How to create a plugin to add a new text search capability?

My team is looking to piggy-back a custom full text search capability into
Elasticsearch 2.1 such that a user can run one query that utilizes the
boolean, keyword and metadata queries of Elasticsearch and also include
this new custom search capability at the very same time.

Each document to be searched in this fashion would have the typical text,
metadata and the analyzed inverted index, and also include a non-analyzed
blob of precomputed data about this text that this new search needs to do
its work.

Ideally a query that included boolean, keyword, metadata and custom components
could work at the document level by delegating the Elasticsearch query
part to current code, and then only if the document satisfies this
criteria would we use the custom data on the document to compute the
custom search score.

My question is, first, is this possible to do in a way that enables all
of the scaling capabilities of Elasticsearch?

And, second, what are the integration points that a plugin would need
to override to make this happen?

Obviously we would need a custom REST entry point to support an
expanded query format for both query-fetch and scan-scroll that
included our new search

But, while there are plenty of example plugins for analyzers, we haven't
found much at all to help us figure out how to create a plugin like this.

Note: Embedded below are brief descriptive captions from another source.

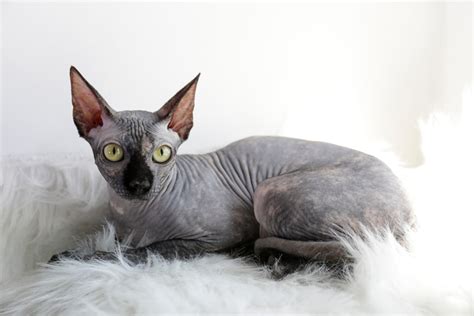 Sphynx Cat | Great Pet Care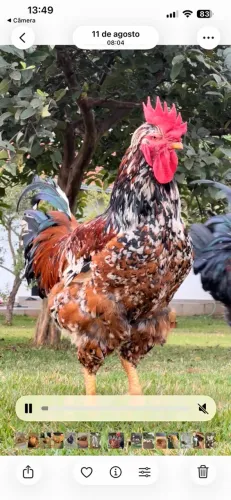Ovos gsb , sedosa e polonesa temos franguinhos tbem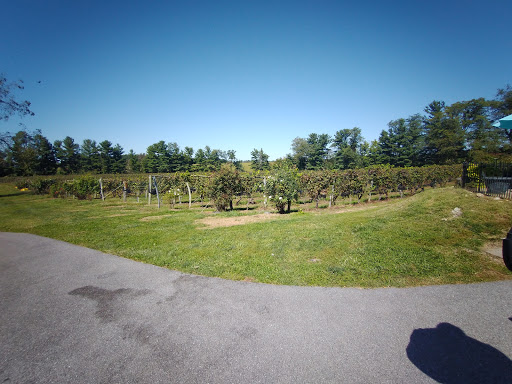 Vineyard «Elk Run Vineyards», reviews and photos, 15113 Liberty Rd, Mt Airy, MD 21771, USA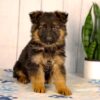 Image of Liam, a German Shepherd puppy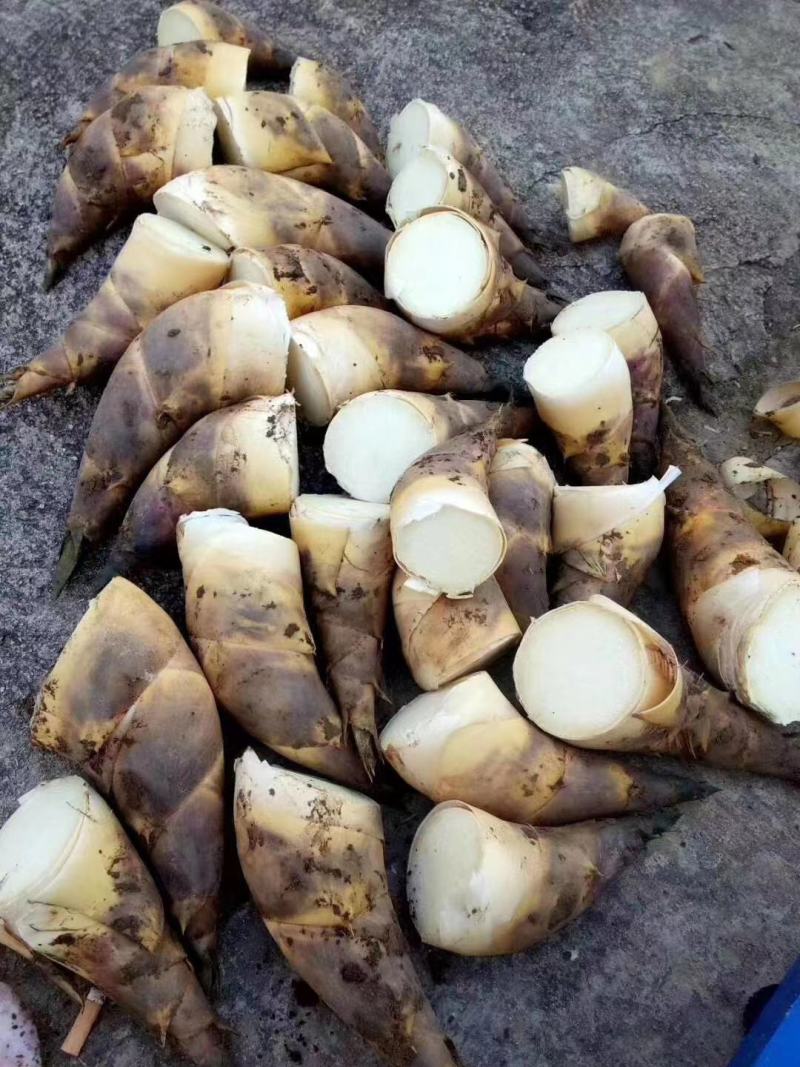 福建漳州马蹄笋专业合作社
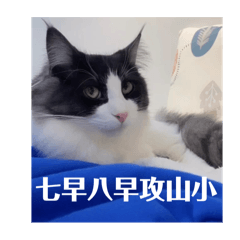 糰糰的糰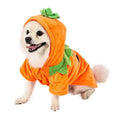 Adorable Halloween Pumpkin Costume for Dogs Pets Possessions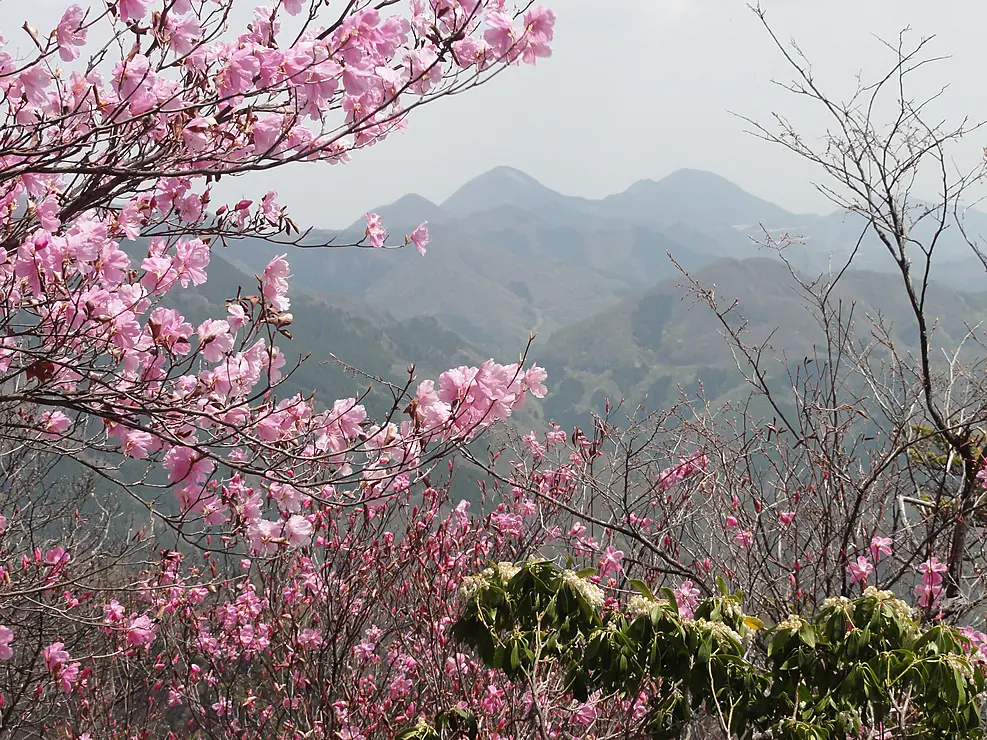 薄紫色に咲き誇るアカヤシオツツジ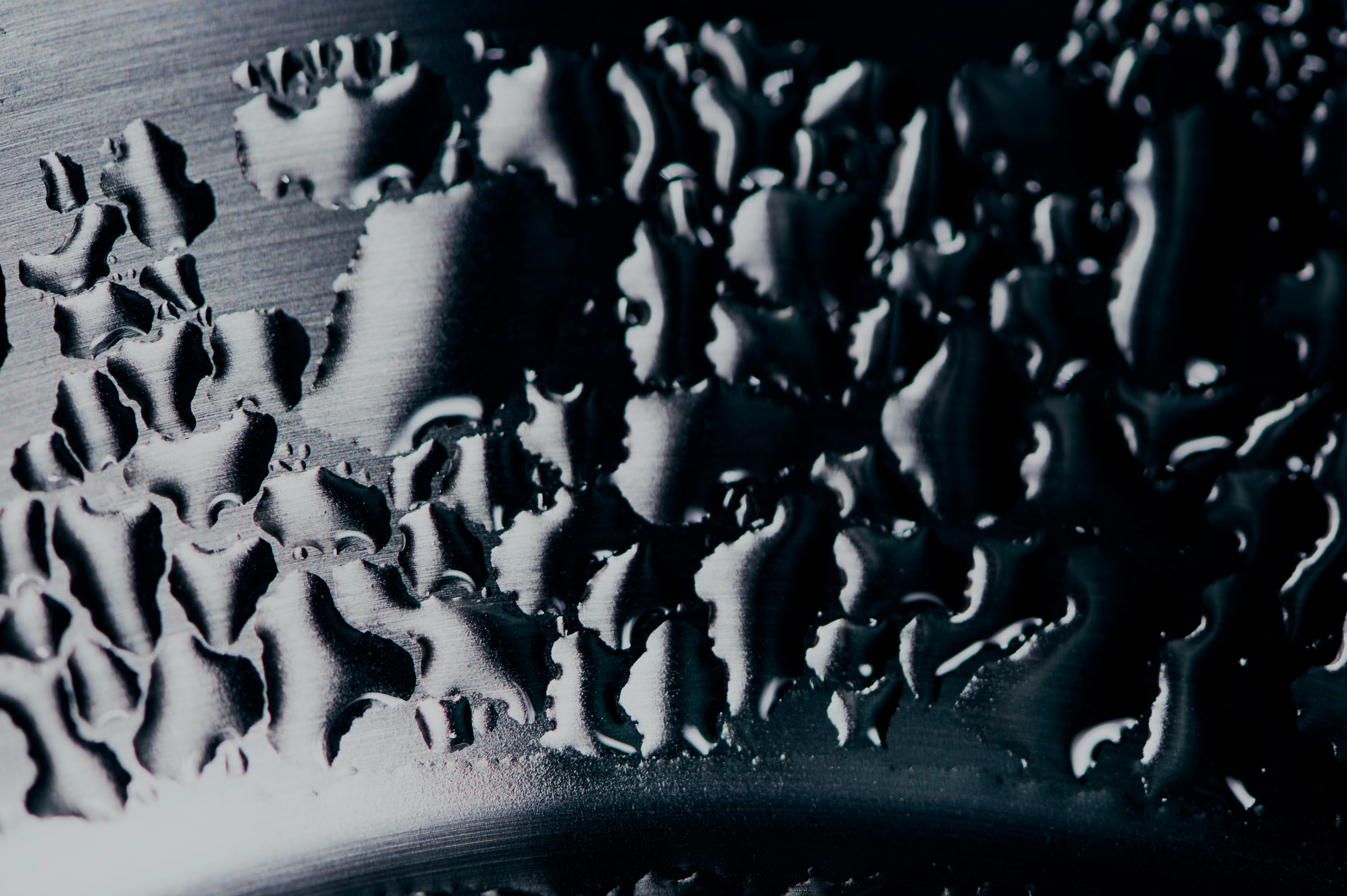 Photo by chuttersnap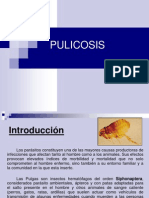 PULICOSIS.ppt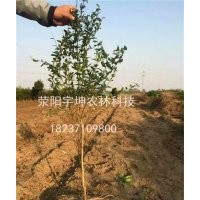 4公分嫁接突尼斯軟籽石榴樹苗帶土球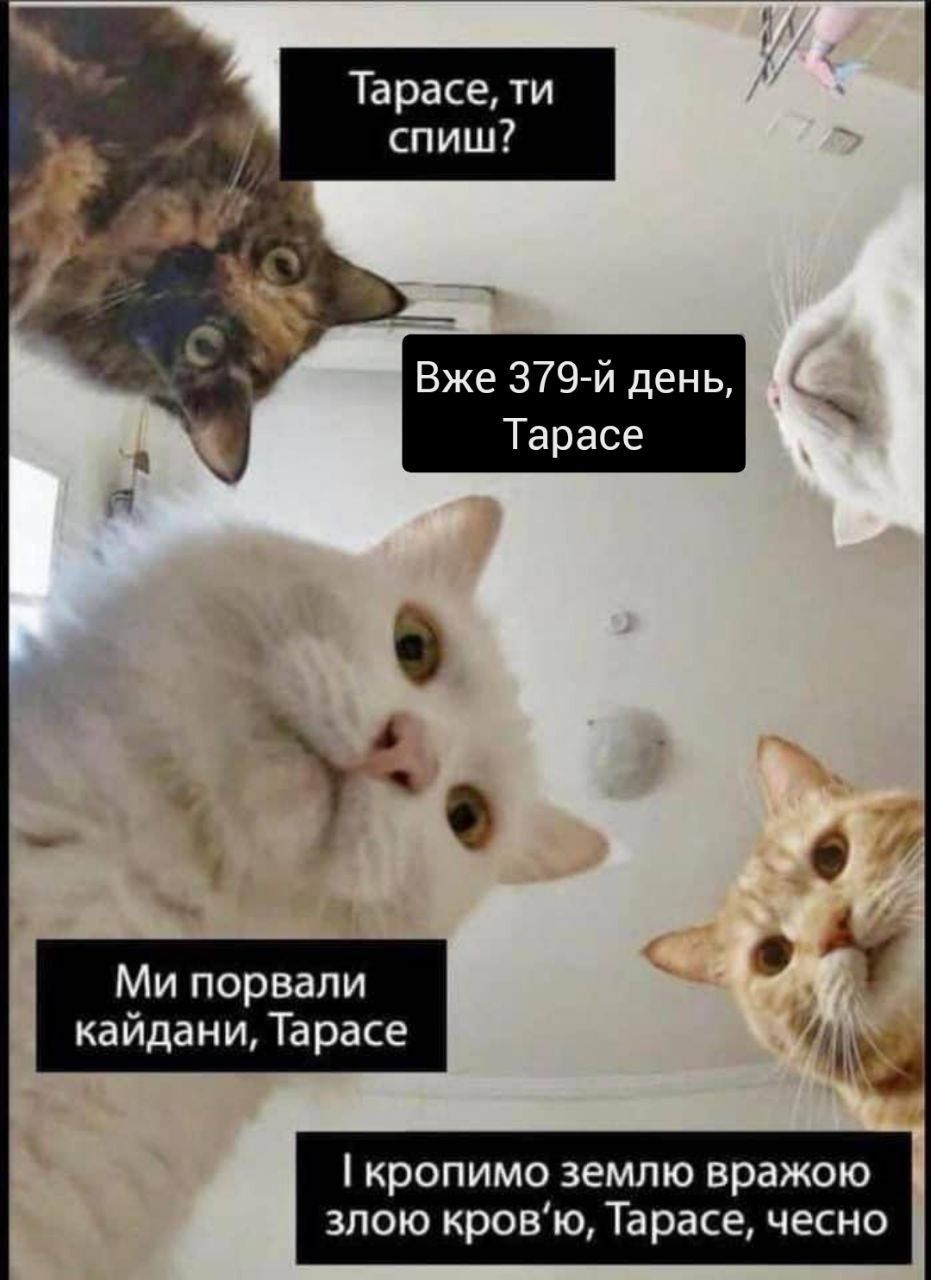Мережу заполонили меми і патріотичні арти з Тарасом Шевченком - 554584 Мережу заполонили меми і патріотичні арти з Тарасом Шевченком - фото 554584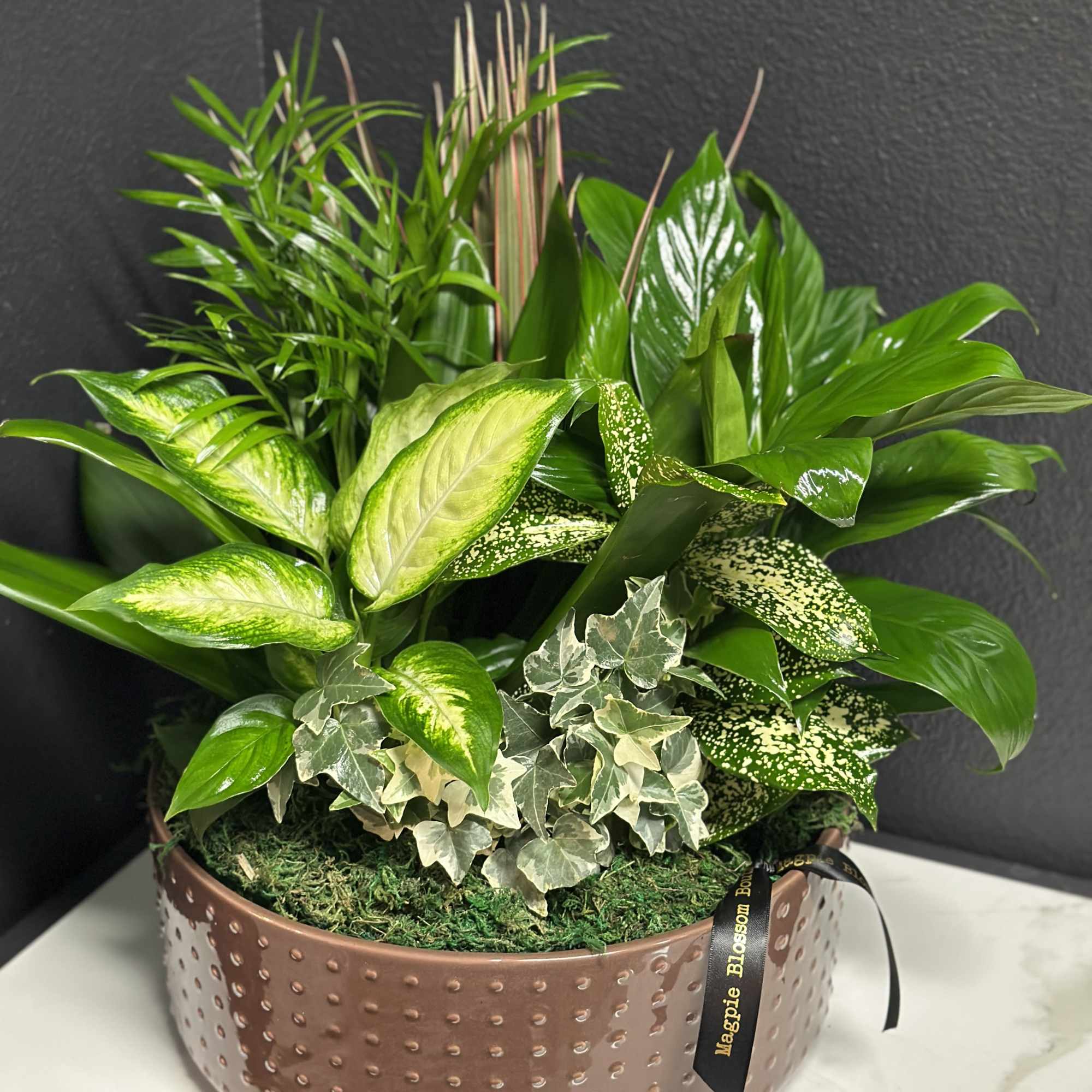 This lovely garden features a variety of easy to care for houseplants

Any detailed guidance you can provide to help would be greatly appreciated!

Bob

Yes.

You'll want to write a plugin that adds a QueryParser. Have a look at the code in this directory which is a test in Elasticsearch's core that does that. To get plugins working and testable you should have a look at the jvm-example plugins in the elasticsearch source tree (2.x branch). If maven is your build system then you can pretty much copy what it does. If gradle is your build system then have a look at elasticsearch's master branch. Otherwise you are on your own for getting the plugin built. You can download an existing plugin's zip file and just copy what it does.

Probably not. If you implement a query then you can reuse all the rest stuff. Its pretty easy to add a new rest entry point. I know the delete-by-query plugin in elasticsearch does it so you can look there for an example.

The biggest thing you have to make sure of is that your query is reasonably efficient. Loading the _source is going to work fine for small data sets but doesn't scale well to large ones. But I think you have to try it to see what tradeoffs are ok for you. Hopefully you have enough to get to the point where you can start to play with it and see those tradeoffs. Just make sure to test it on realistic index sizes.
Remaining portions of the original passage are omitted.